## REQUIRED WORK:
Every line below from the one containing "Marc Houtin, Julien Bresteau et Gérald Peau" through the one containing "Schaeffler INA Set" is to be printed exactly, with the pictures omitted.

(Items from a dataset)

.....

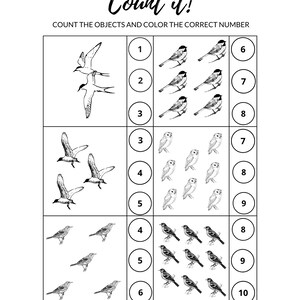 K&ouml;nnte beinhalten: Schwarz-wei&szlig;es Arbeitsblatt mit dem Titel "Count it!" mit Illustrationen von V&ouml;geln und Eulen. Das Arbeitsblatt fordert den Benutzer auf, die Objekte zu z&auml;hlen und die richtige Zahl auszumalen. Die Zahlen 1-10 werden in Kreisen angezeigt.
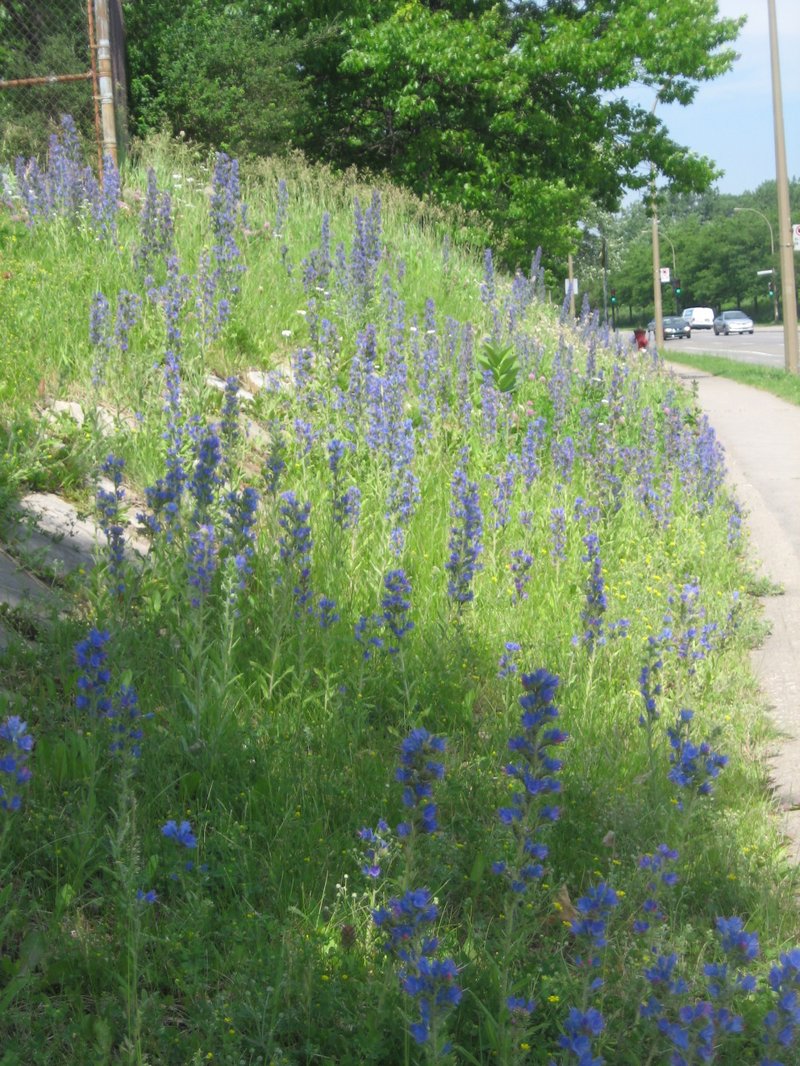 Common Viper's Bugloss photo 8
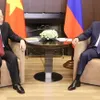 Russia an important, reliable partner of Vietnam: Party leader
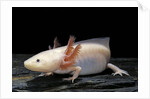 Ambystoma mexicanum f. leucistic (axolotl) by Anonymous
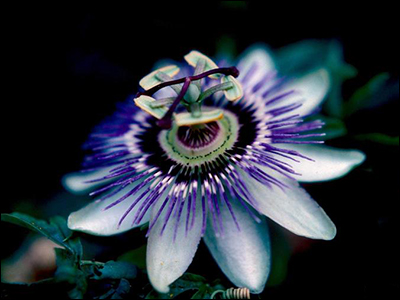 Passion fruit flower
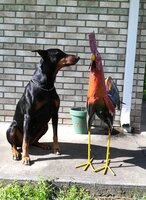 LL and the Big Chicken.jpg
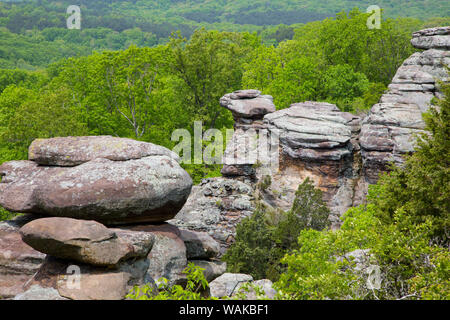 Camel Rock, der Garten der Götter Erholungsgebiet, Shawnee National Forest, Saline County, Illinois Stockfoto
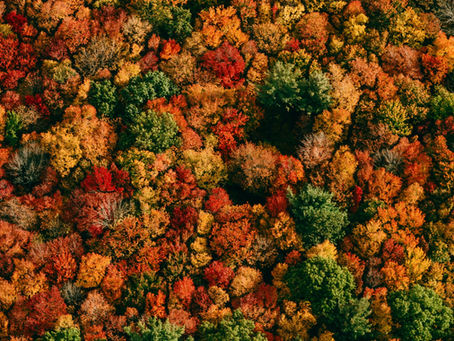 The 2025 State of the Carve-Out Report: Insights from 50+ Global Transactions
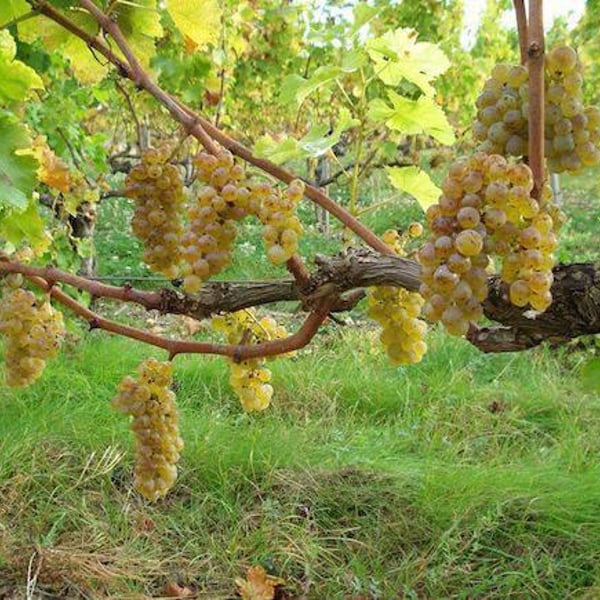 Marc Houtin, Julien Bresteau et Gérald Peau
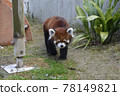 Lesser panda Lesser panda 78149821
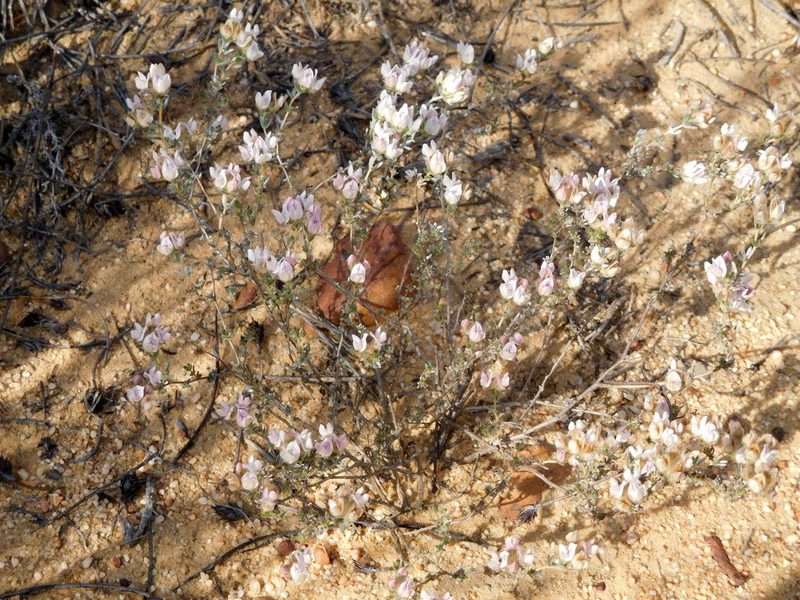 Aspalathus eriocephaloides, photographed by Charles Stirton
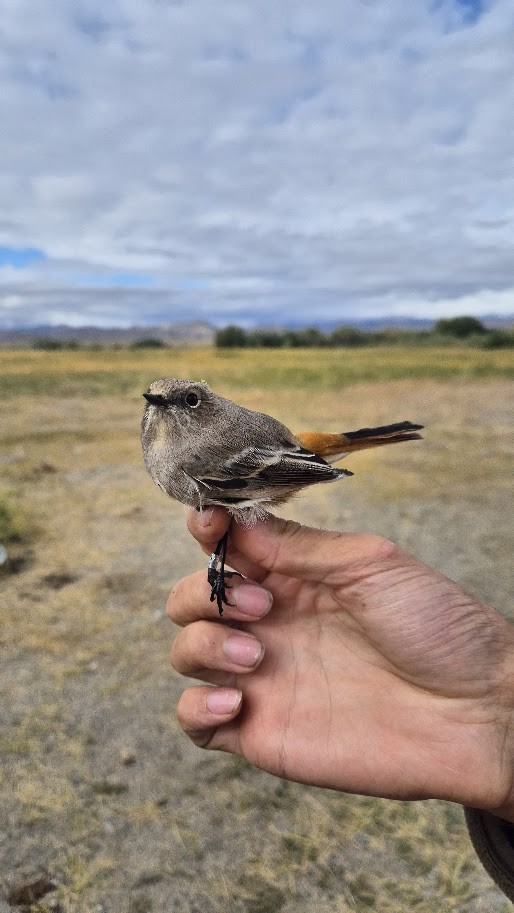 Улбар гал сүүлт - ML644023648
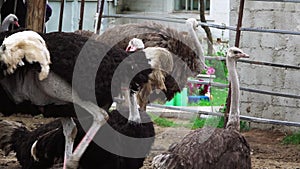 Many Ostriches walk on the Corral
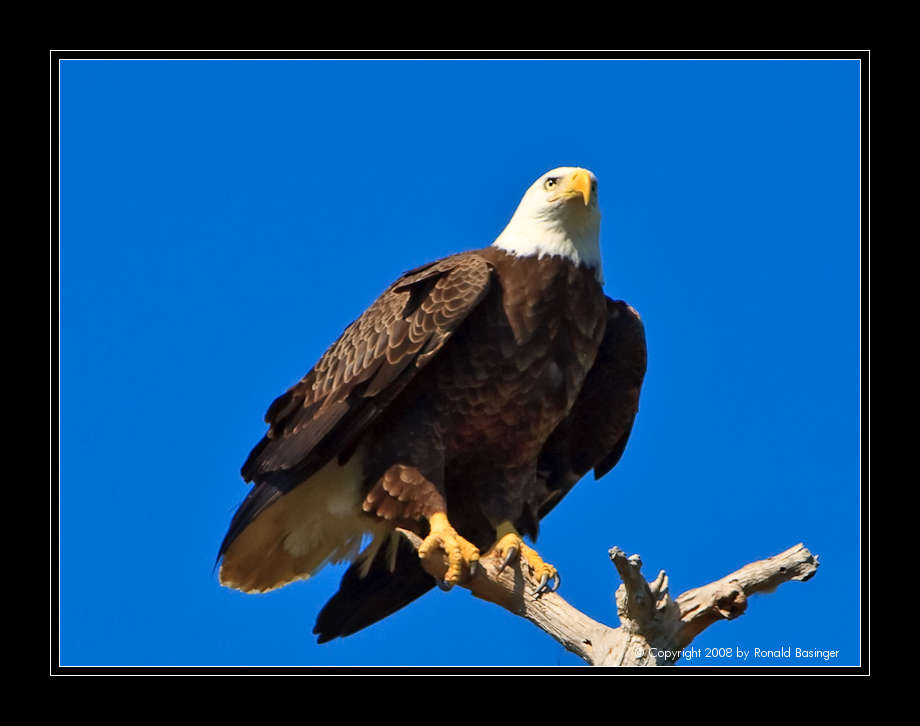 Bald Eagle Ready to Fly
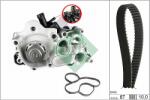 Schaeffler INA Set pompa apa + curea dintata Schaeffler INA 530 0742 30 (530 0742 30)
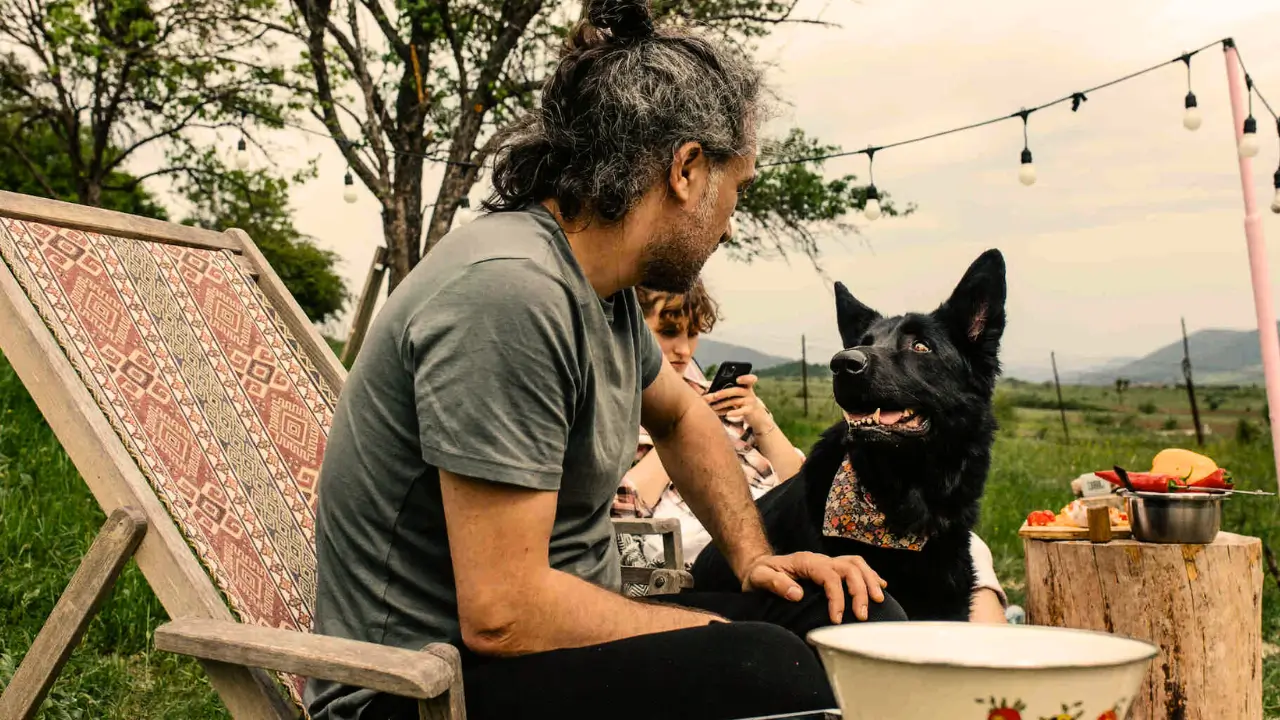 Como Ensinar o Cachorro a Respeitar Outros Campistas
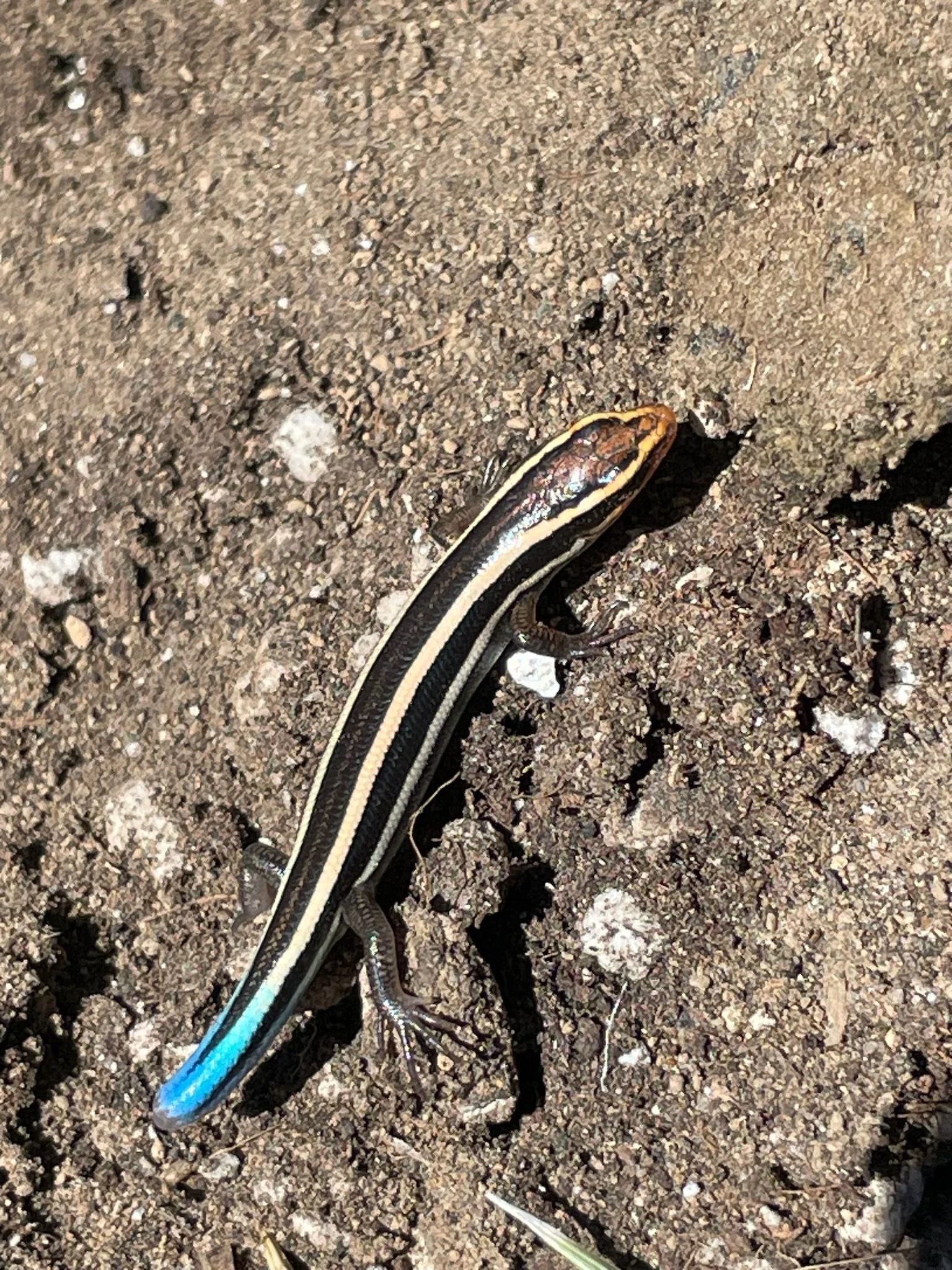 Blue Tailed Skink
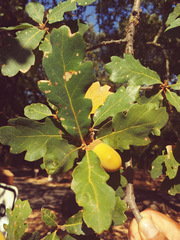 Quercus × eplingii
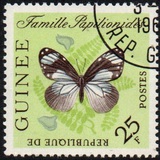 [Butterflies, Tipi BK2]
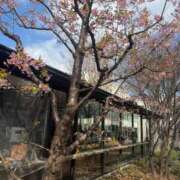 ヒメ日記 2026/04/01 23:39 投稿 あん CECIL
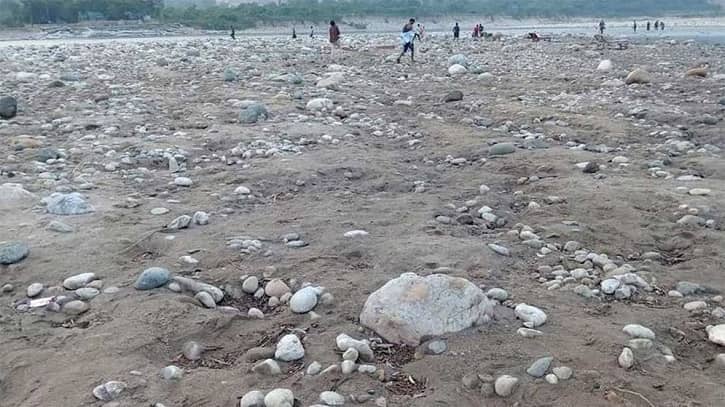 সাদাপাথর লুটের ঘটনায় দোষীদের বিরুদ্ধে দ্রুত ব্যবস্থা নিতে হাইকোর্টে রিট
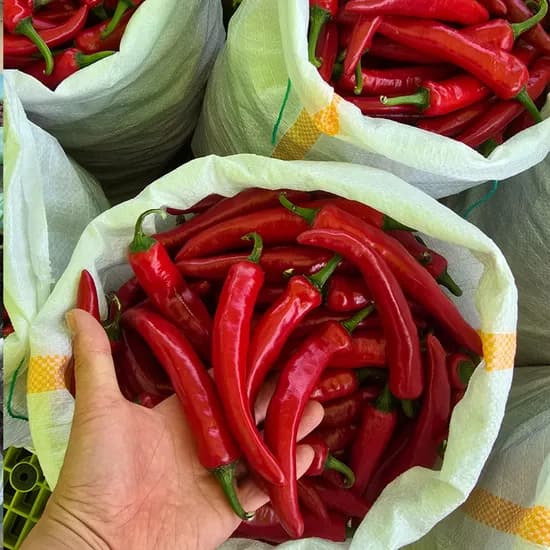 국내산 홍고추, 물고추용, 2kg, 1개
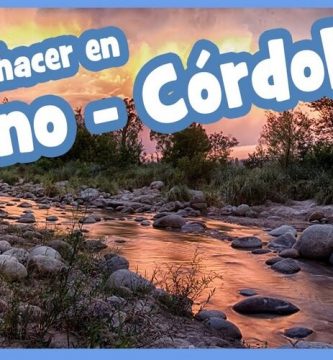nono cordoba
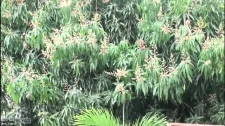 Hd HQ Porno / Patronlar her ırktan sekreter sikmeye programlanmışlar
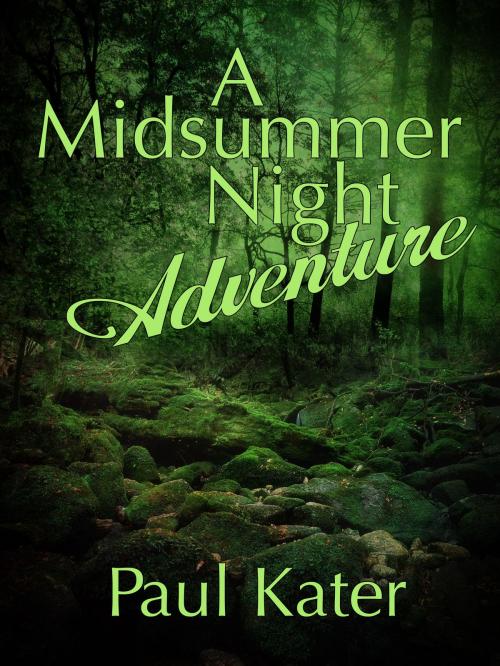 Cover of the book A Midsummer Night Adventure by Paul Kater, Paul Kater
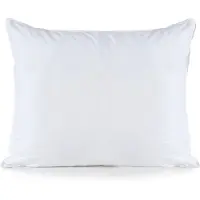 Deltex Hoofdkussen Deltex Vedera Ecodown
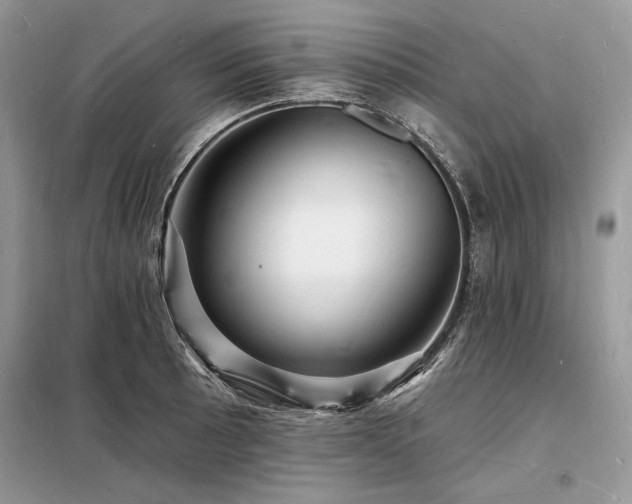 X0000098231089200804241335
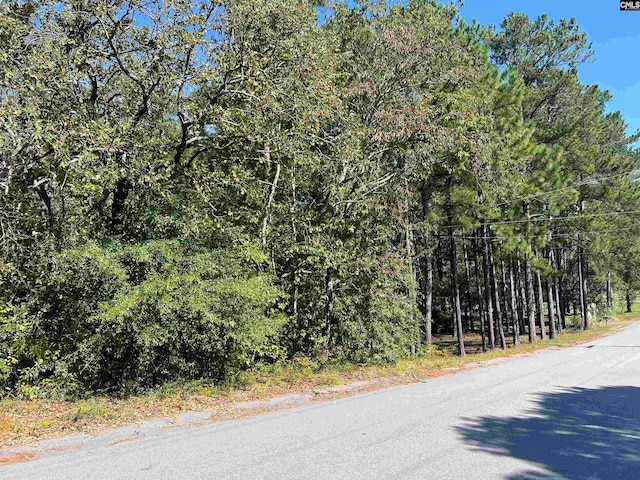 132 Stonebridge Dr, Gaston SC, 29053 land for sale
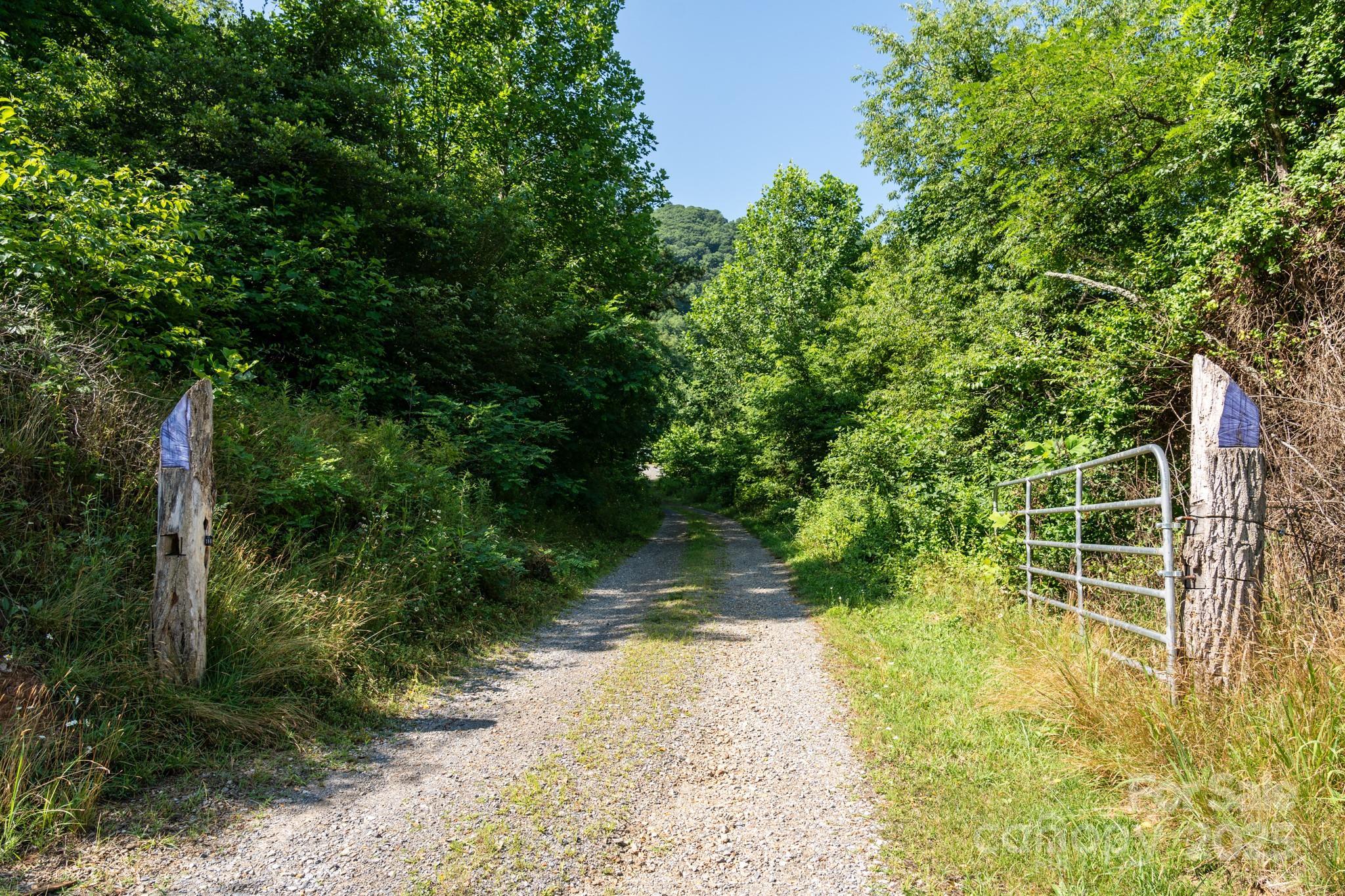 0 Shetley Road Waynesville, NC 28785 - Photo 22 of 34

.....

## EXPECTED OUTPUT:
 Marc Houtin, Julien Bresteau et Gérald Peau
 Lesser panda Lesser panda 78149821
 Aspalathus eriocephaloides, photographed by Charles Stirton
 Улбар гал сүүлт - ML644023648
 Many Ostriches walk on the Corral
 Bald Eagle Ready to Fly
 Schaeffler INA Set pompa apa + curea dintata Schaeffler INA 530 0742 30 (530 0742 30)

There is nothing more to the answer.